Never forget.
Every year, millions of Americans vow just that – to never forget those who lost their lives on September 11, 2001.
But for retired FDNY firefighter Dan Rowan, every day is 9/11.
Rowan, who worked with Engine 33/Ladder 9, was off duty that day.
“Me and my partner, who were the two oldest guys on the team, switched days,” he said. “He wanted one day, I wanted another. All of a sudden, I’m with two off-duty police officers that day … helping them paint a house.”
They hadn’t gotten very far on their project when Rowan’s wife called him in a panic: “She said, ‘Dan, you’ve got to go to New York.’ I said, ‘What happened?’ ‘Turn the TV on,’ she said. And I kept asking, ‘What happened?’ She just kept telling me to turn on the TV. Finally, she blurted out, ‘A plane just flew into the building.’ Without hesitation, I said, ‘I’m on my way.’ I was only 15 minutes from New York City. All three of us headed that way to help.”
Rowan arrived to a horrific sight: The north tower of the World Trade Center was collapsing. Rowan’s crew from Engine 33 and Ladder 9 were all in that tower.
Half of the crew from Ladder 9, he said, made it out, but they lost the entire Engine 33 crew.
“I lost 10 out of 15 of my guys,” Rowan said, choking back tears.
He stayed at Ground Zero – a place he prefers to call Ground Hero – for 72 hours straight as he assisted with recovery efforts. He was ordered to leave but couldn’t. He was looking for his 10 men. He couldn’t leave them behind.
Twenty years later, Rowan remains committed to never forgetting his fallen brothers. In his left shirt pocket, over his heart, he carries 10 Mass cards – one for each of his fallen crewmembers.
“I still have everybody with me. They never leave my side,” he said.
Rowan retired from the department in 2004.

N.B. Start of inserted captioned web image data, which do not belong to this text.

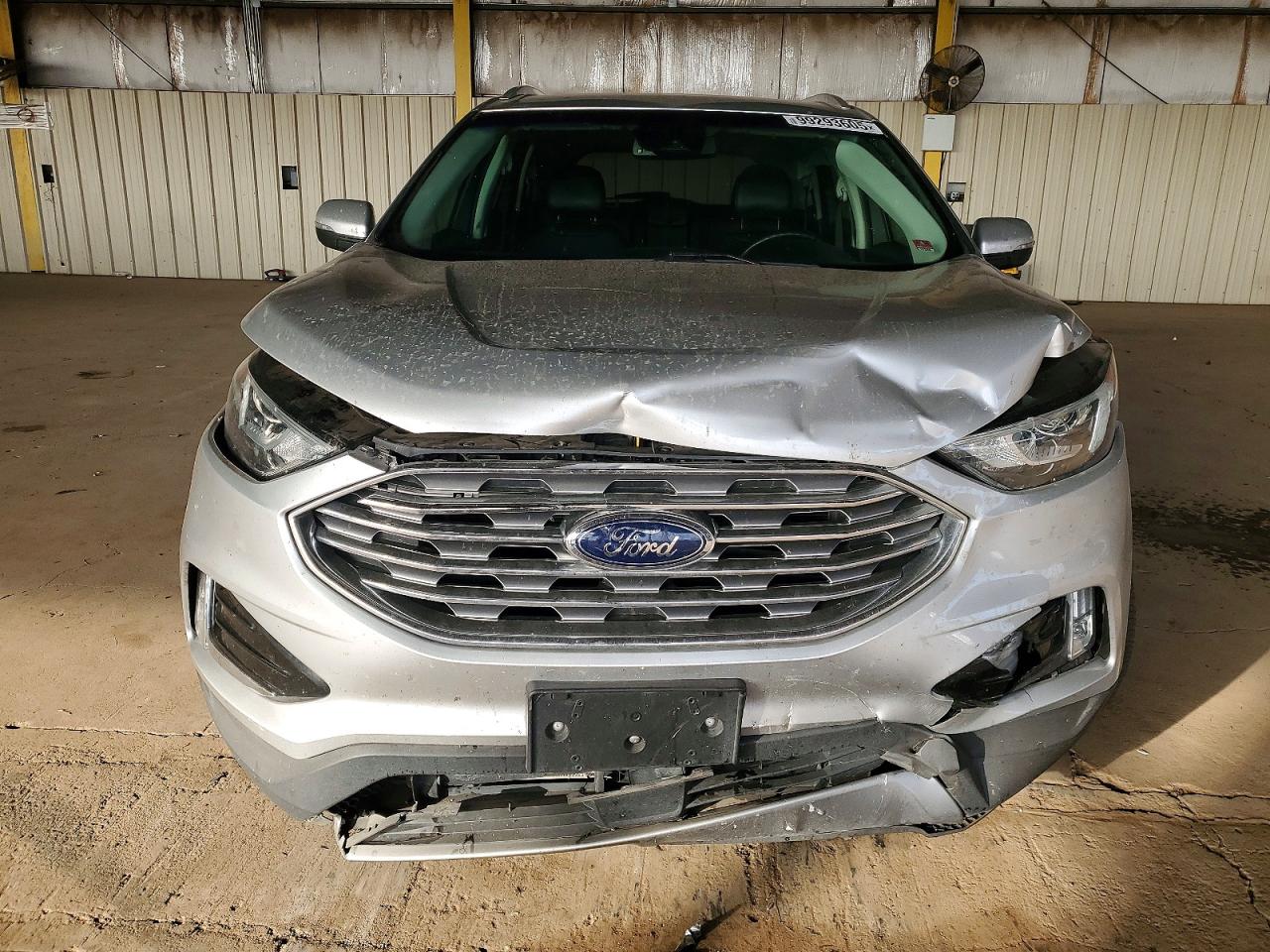 2019 FORD EDGE SEL photo 5
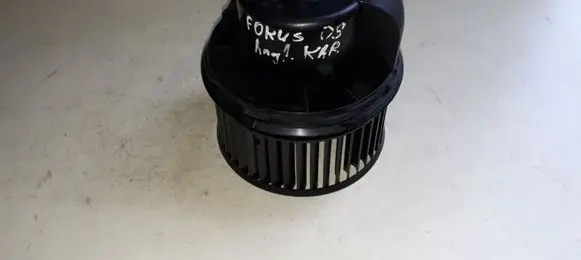Ford Focus C-MAX Heater fan/blower 1736007104 3M5H18456FC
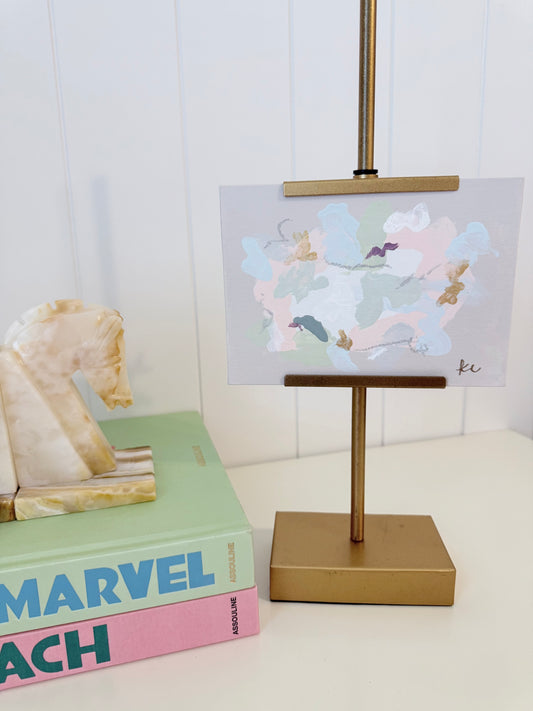 Mini Color Study | no. 009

“After 21 years as a firefighter, it wasn’t the same after 9/11,” he recalled. “It was very solemn.”
A year later, Rowan, his wife and two daughters moved to Arizona, where he joined the Marana Police Department.
‘They couldn’t fight fire anymore’
Funny enough, Rowan is a fourth-generation police officer.
“I was hired for the NYPD in the same week as the FDNY,” he said. “I sat my mother down and she said, ‘I don’t want you to be a police officer. We have nothing but cops in the family. Let’s have you become a firefighter. You’ll be the first firefighter in the Rowan clan.”
The rest, as they say, is history. Rowan was hired with the FDNY on Oct. 23, 1983. His fire station was less than a mile from the World Trade Center towers.
“I stuck with it. I loved the job so much,” he said. “A lot of the guys and girls I worked with were second to none. We were hand-picked. We knew each other’s mannerisms like nothing else. I miss the camaraderie.”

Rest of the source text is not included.